On September 16, Secretary of State Antony J. Blinken criticized the disqualification of seven Hong Kong local level politicians in a tweet pledging, as he has in the past, to “stand with the people of Hong Kong.” The district councilors had fallen afoul of a new loyalty test to the Chinese Communist Party. China has already demolished Hong Kong’s partial democracy, reducing the number of elected seats in the citywide Legislative Council and exerting even more control over the process of installing Beijing’s pick for the city’s chief executive. December elections for the Legislative Council will give Beijing a rubber stamp body, much like the one it has on the mainland.
Blinken’s tweet was accurate and unremarkable, but soon the State Department took it down and posted a new, less forthright one, apparently after the Chinese Foreign Ministry criticized “irresponsible comments from certain US politicians.”

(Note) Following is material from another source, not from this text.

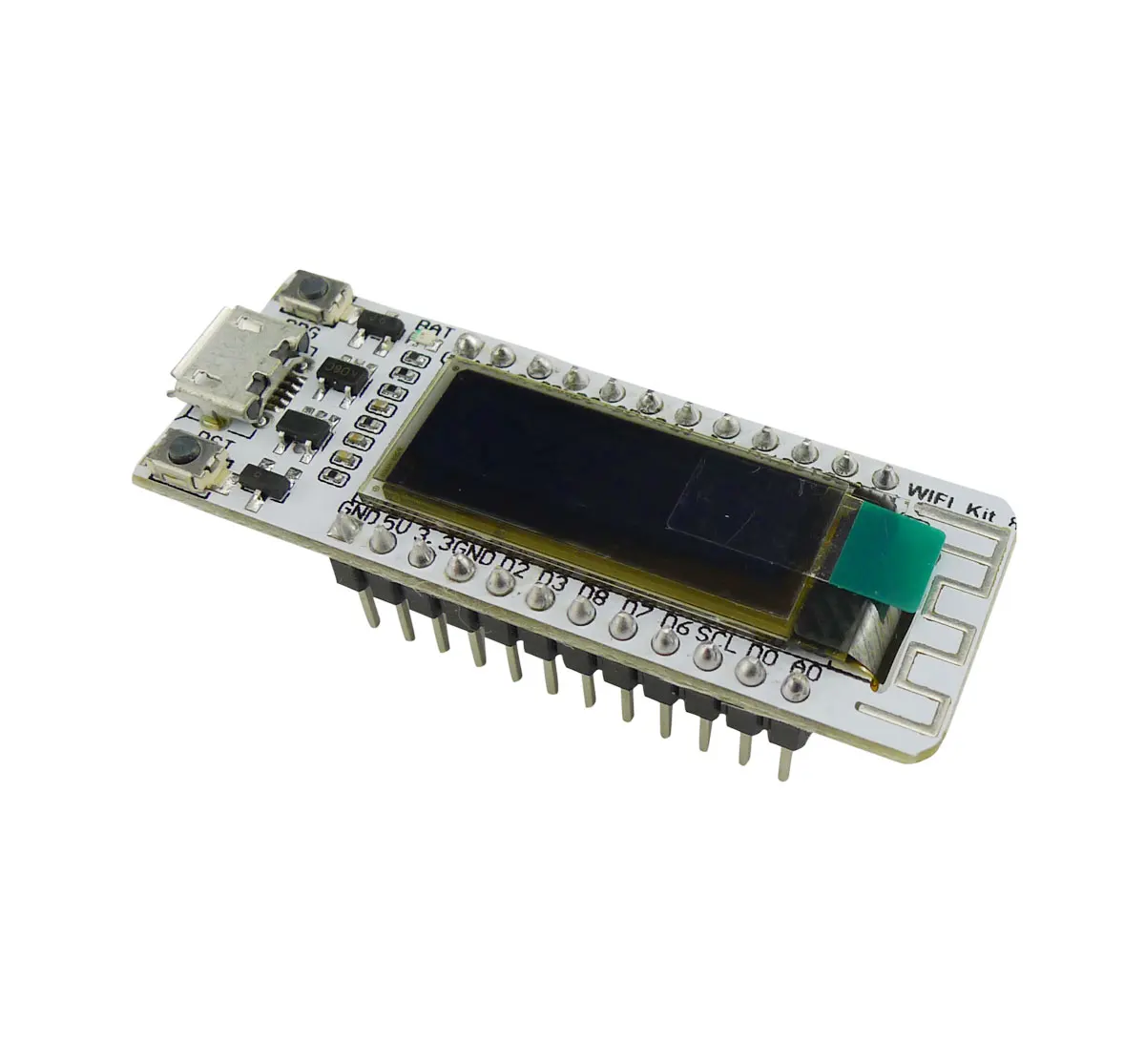 Oled дисплей esp8266. Wifi kit 8 esp8266 oled. vfd display esp8266. esp8266 oled display. efp tpm isc.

The State Department explained that it intended the tweet to come from spokesman Ned Price’s account and not Blinken’s. (And Price’s version of the tweet is still live.) Still, it’s worth looking at the differences between the original and the watered-down replacement. In addition to dropping the “stand with” pledge, the new tweet omitted support for “fundamental human rights & freedoms.” Instead Blinken offered the anodyne “government should serve the people they represent.” Of course, Chinese Communist cadres will have little beef with that. Since Mao’s time, it has been routine to emphasize that “the party serves the people.”